Questi strumenti, ha spiegato Brabazon, “rappresentano l’opzione più facile quando si chiede ai ragazzi di effettuare una ricerca.” L’opzione più facile ma non quella che consente di ottenere i migliori risultati: i ragazzi non meditano abbastanza su quello che si propina loro online.
“Non usano abbastanza il cervello”, approfittano degli strumenti della rete per “ottenere risposte semplificate a domande complesse”. Internet infatti attribuisce lo stesso valore ad ogni contenuto: si tratti di un autorevole trattato accademico, piuttosto che di un saggio semiserio, Google non è in grado di classificare il tipo di informazione a cui garantisce l’accesso, ne fa semplicemente una classifica e non una classificazione. Il risultato? “Non possiamo più dare per scontato che gli studenti arrivino all’università capaci di selezionare ciò che dovrebbero leggere: non conoscono gli standard a cui devono rispondere i materiali che consultano”.

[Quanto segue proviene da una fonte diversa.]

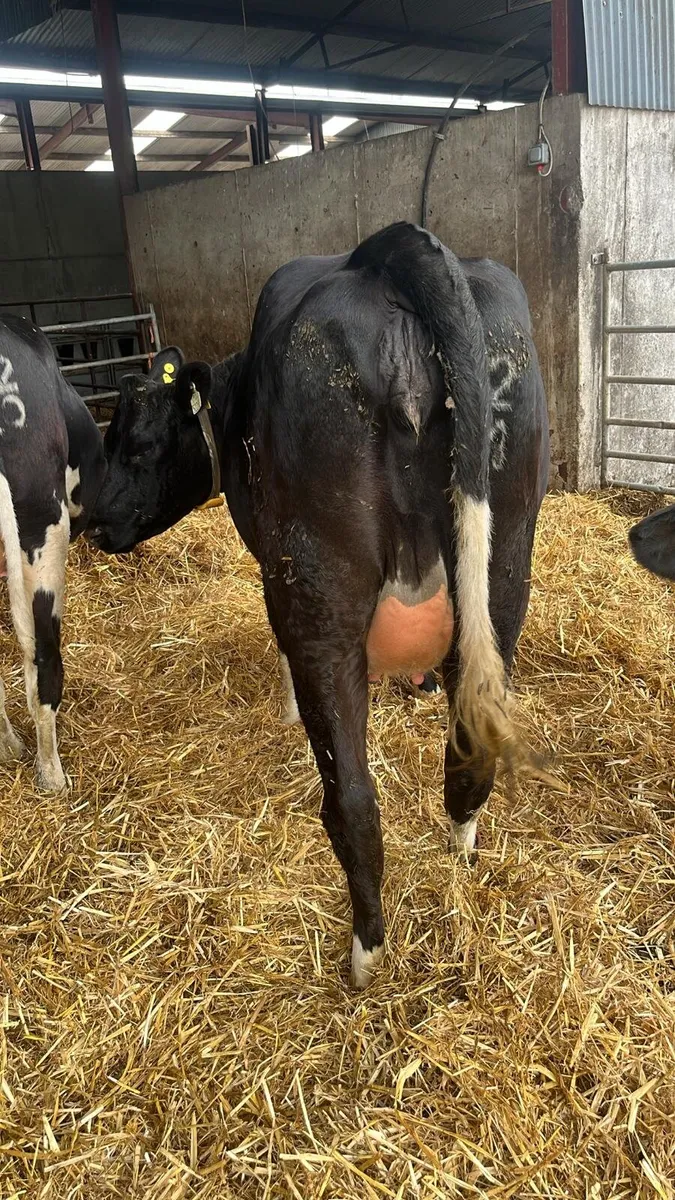 3 Pedigree Friesian Heifers3 Pedigree Friesian Hei - Image 3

Ma la colpa non è degli studenti né della rete: la docente si infervora contro un sistema educativo che “propaganda con zelo evangelico le nuove tecnologie”. Ma “è tempo di fare un passo indietro e meditare sull’uso che ne facciamo “. È necessario consegnare ai ragazzi gli strumenti della ricerca e dell’analisi, perché sappiano sfruttare la rete con un approccio critico , perché sappiano distillarne il meglio.
C’è chi legge nell’atteggiamento della docente una diffidenza che sembra affliggere il rigido mondo accademico, ancorato al passato: il processo di revisione, il controllo e lo scambio di competenze fra pari in rete sono spesso considerati un metodo caotico per operare sulla conoscenza.

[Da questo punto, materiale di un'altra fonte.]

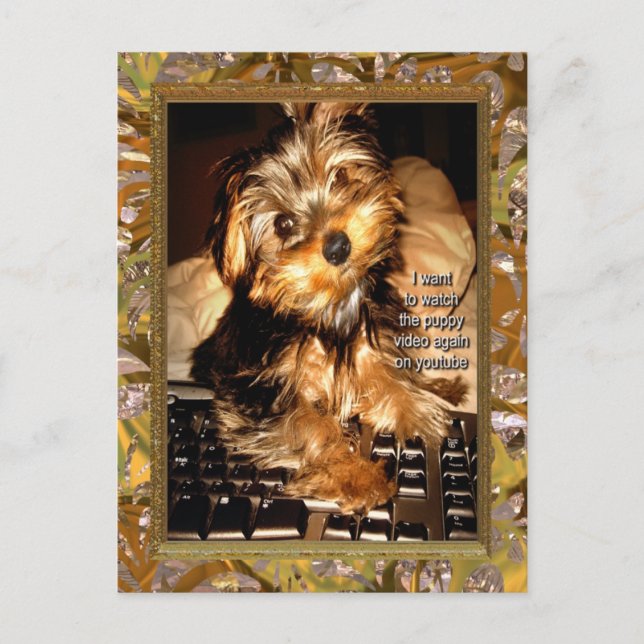 Carte Postale YouTube Yorkie (Devant)
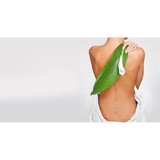 Hill Chiropractic & Wellness - Chiropractors in Vista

Ma critiche di questo tipo non sussistono. La docente fornirà agli studenti del materiale didattico sottoposto al peer review , per trasmettere ai discenti il valore di un approccio collaborativo al sapere. E ha precisato: “Voglio che saggino l’esperienza delle pagine stampate e voglio che sappiano muoversi nell’ambito del digitale. Questi strumenti hanno entrambi valore e voglio che i ragazzi sappiano trarre il meglio da entrambi”. Imparando a ragionare sui contenuti, i ragazzi potranno partecipare in maniera più consapevole al processo di selezione, di affinamento e di condivisione della conoscenza. Anche in rete.